▶ Description of the task:
Taking the line with "A polished, finished" as the first and the line with "Angel Çanta Aksesuar" as the last, set down exactly every line in that range from the entries below, and no more.

#### Data listing

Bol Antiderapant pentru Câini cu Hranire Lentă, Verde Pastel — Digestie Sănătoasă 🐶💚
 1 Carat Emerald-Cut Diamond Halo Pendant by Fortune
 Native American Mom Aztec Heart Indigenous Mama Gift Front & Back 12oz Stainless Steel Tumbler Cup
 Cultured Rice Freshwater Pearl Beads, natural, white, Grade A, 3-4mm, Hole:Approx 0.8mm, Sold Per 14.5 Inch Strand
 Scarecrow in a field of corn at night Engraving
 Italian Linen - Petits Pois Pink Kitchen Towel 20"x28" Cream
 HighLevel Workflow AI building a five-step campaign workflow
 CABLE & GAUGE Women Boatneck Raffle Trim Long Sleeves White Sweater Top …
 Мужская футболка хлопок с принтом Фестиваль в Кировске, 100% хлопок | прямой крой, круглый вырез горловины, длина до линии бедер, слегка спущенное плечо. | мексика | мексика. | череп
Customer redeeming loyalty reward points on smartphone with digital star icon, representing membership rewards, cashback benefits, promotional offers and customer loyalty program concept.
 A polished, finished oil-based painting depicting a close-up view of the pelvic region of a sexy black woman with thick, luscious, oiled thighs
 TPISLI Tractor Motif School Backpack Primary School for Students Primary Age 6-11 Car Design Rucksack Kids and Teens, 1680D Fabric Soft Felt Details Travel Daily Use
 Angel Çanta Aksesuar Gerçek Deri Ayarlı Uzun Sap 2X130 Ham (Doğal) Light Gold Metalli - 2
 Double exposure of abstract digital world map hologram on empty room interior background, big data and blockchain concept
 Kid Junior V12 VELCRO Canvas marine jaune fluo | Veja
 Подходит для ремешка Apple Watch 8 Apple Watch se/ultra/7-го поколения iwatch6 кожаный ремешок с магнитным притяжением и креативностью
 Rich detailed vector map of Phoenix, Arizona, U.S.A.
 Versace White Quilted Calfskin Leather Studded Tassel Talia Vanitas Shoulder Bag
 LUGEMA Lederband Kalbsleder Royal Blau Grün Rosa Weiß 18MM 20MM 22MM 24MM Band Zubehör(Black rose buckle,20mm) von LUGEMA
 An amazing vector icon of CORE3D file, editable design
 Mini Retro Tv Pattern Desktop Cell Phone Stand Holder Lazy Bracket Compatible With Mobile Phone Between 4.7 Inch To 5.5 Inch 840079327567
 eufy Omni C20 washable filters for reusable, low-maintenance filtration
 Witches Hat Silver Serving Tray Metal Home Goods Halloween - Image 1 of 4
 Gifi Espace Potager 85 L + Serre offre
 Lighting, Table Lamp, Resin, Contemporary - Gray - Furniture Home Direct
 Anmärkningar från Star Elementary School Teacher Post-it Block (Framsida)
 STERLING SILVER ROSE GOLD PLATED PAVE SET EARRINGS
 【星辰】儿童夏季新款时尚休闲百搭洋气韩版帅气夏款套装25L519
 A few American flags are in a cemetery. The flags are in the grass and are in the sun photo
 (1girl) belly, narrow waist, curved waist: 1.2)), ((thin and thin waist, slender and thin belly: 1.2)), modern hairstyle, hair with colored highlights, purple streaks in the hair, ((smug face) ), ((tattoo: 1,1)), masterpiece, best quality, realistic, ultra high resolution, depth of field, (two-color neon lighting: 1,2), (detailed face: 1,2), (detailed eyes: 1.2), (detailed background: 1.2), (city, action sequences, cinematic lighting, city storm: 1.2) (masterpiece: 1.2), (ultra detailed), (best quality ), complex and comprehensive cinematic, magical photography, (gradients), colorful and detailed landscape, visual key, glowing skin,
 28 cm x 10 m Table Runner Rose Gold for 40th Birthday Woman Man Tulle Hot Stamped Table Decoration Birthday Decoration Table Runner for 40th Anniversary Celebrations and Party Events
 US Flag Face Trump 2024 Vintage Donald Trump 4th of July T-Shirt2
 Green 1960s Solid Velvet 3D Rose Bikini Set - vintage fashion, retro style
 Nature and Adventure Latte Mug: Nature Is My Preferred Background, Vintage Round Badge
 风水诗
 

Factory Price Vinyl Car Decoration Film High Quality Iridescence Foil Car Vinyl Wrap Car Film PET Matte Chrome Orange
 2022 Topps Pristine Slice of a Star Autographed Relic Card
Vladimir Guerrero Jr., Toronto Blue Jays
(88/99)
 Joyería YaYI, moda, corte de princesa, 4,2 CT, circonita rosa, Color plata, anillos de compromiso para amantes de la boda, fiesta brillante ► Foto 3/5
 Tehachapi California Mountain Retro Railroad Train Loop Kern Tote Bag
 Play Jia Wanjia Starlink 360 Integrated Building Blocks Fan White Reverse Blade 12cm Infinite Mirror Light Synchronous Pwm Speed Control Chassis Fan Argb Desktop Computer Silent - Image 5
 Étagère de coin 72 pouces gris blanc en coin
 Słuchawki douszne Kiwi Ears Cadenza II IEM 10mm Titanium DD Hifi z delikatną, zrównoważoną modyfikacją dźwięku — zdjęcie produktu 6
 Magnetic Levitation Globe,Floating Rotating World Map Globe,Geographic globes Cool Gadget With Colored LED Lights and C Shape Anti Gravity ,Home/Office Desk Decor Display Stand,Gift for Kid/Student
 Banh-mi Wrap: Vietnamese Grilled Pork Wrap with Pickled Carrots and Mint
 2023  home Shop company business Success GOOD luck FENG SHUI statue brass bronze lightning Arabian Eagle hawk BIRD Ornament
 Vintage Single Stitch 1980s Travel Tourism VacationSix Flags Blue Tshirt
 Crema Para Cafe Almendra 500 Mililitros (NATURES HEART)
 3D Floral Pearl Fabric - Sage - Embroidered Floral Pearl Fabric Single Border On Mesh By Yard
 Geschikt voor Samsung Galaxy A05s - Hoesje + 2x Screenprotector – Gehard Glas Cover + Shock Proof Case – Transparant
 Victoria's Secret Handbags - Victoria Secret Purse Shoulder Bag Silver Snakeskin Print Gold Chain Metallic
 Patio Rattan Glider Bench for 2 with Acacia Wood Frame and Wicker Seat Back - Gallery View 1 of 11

########

▶ Exercise output:
 A polished, finished oil-based painting depicting a close-up view of the pelvic region of a sexy black woman with thick, luscious, oiled thighs
 TPISLI Tractor Motif School Backpack Primary School for Students Primary Age 6-11 Car Design Rucksack Kids and Teens, 1680D Fabric Soft Felt Details Travel Daily Use
 Angel Çanta Aksesuar Gerçek Deri Ayarlı Uzun Sap 2X130 Ham (Doğal) Light Gold Metalli - 2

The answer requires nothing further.